◆ Entries supplied
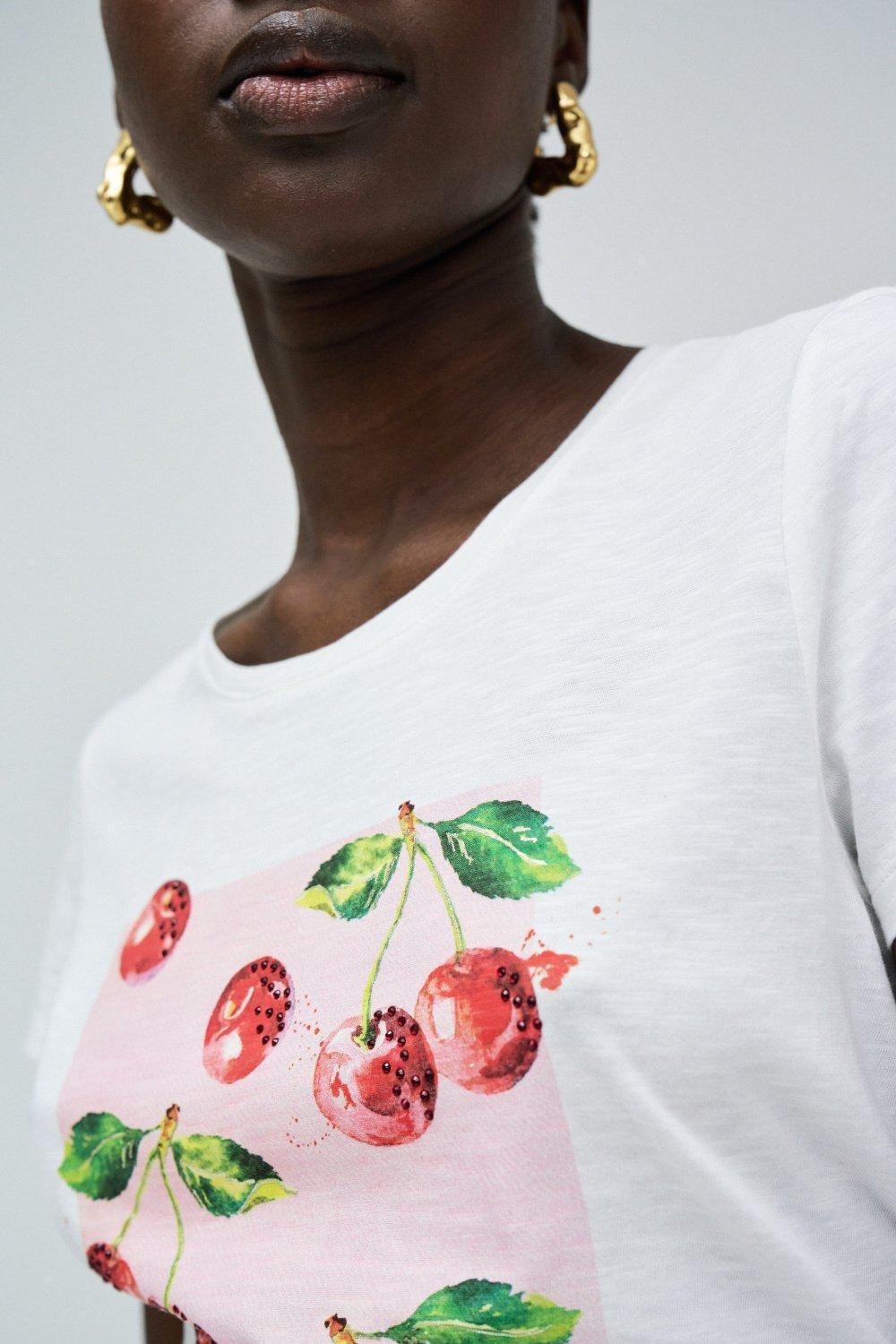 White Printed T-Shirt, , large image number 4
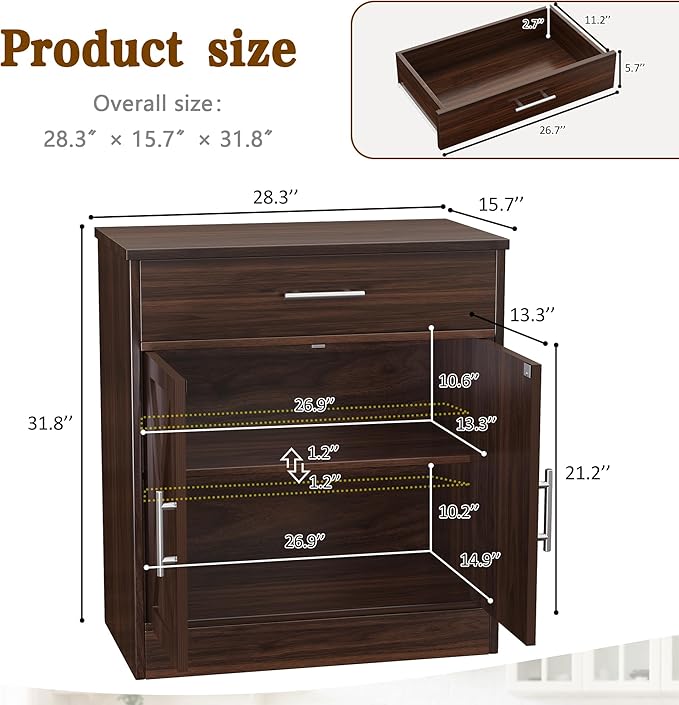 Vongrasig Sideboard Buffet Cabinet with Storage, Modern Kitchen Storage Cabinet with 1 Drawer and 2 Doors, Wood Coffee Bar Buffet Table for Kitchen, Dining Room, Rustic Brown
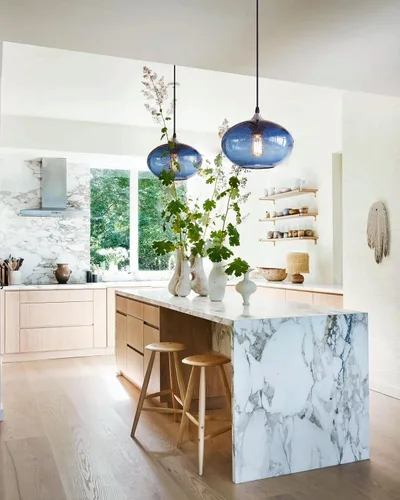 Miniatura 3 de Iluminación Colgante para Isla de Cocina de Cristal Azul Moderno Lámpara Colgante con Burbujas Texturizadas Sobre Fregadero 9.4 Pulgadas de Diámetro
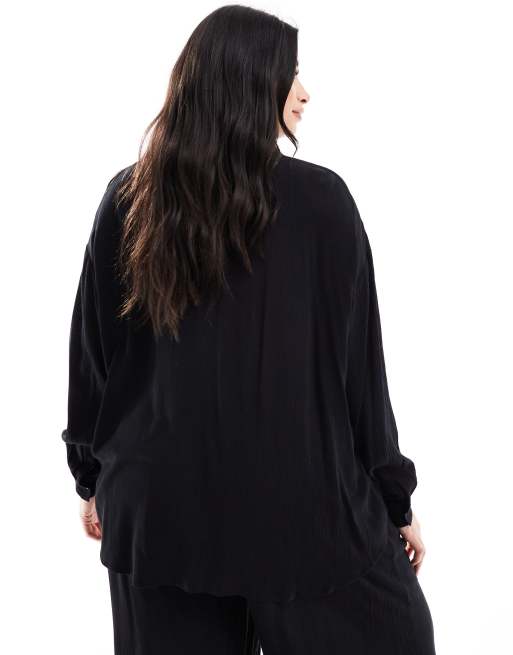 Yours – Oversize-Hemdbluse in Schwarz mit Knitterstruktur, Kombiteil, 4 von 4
---
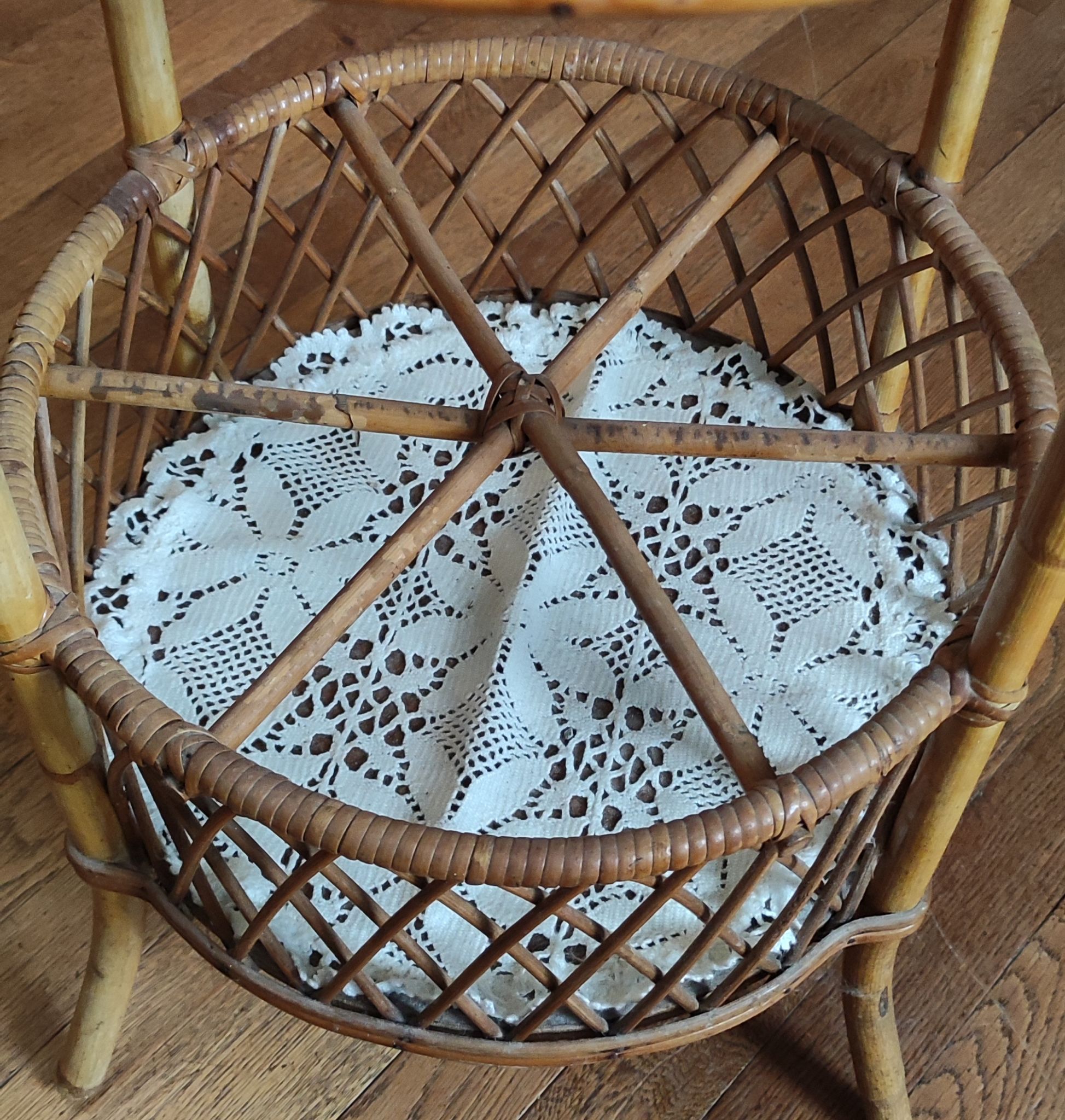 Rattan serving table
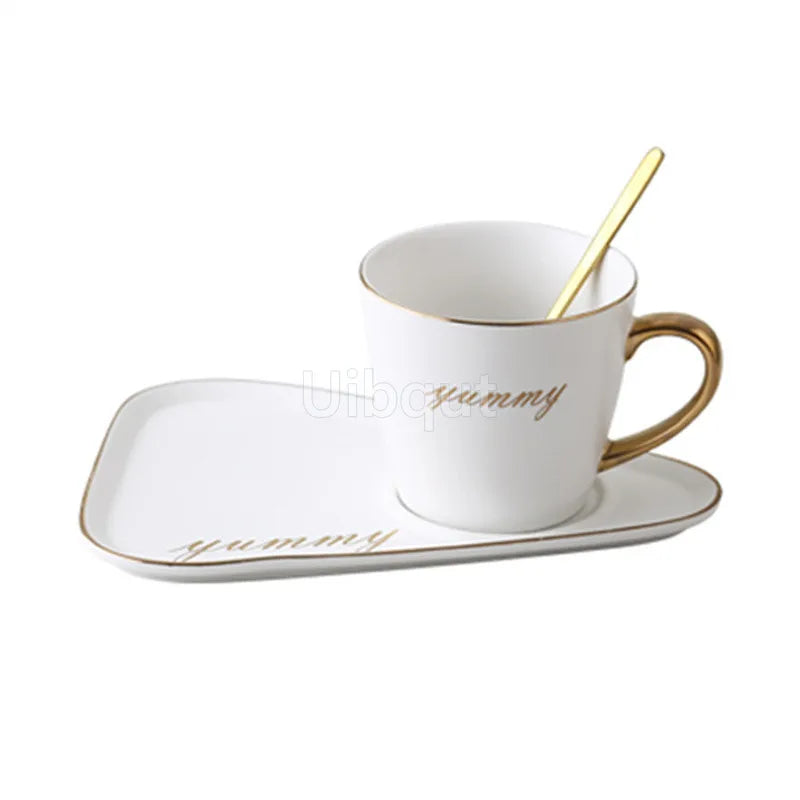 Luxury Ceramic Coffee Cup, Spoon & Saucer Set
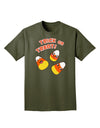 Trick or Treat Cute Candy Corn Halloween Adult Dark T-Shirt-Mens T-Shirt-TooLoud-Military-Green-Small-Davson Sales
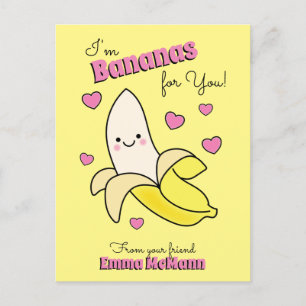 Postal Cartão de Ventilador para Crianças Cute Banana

◆ Task requirements
In the listing above, find the line containing "White Printed T-Shirt, , large". Output it and every line after it up to and including the line containing "Yours – Oversize-Hemdbluse", exactly, but skip the pictures.

◆ Result of this task
 White Printed T-Shirt, , large image number 4
 Vongrasig Sideboard Buffet Cabinet with Storage, Modern Kitchen Storage Cabinet with 1 Drawer and 2 Doors, Wood Coffee Bar Buffet Table for Kitchen, Dining Room, Rustic Brown
 Miniatura 3 de Iluminación Colgante para Isla de Cocina de Cristal Azul Moderno Lámpara Colgante con Burbujas Texturizadas Sobre Fregadero 9.4 Pulgadas de Diámetro
 Yours – Oversize-Hemdbluse in Schwarz mit Knitterstruktur, Kombiteil, 4 von 4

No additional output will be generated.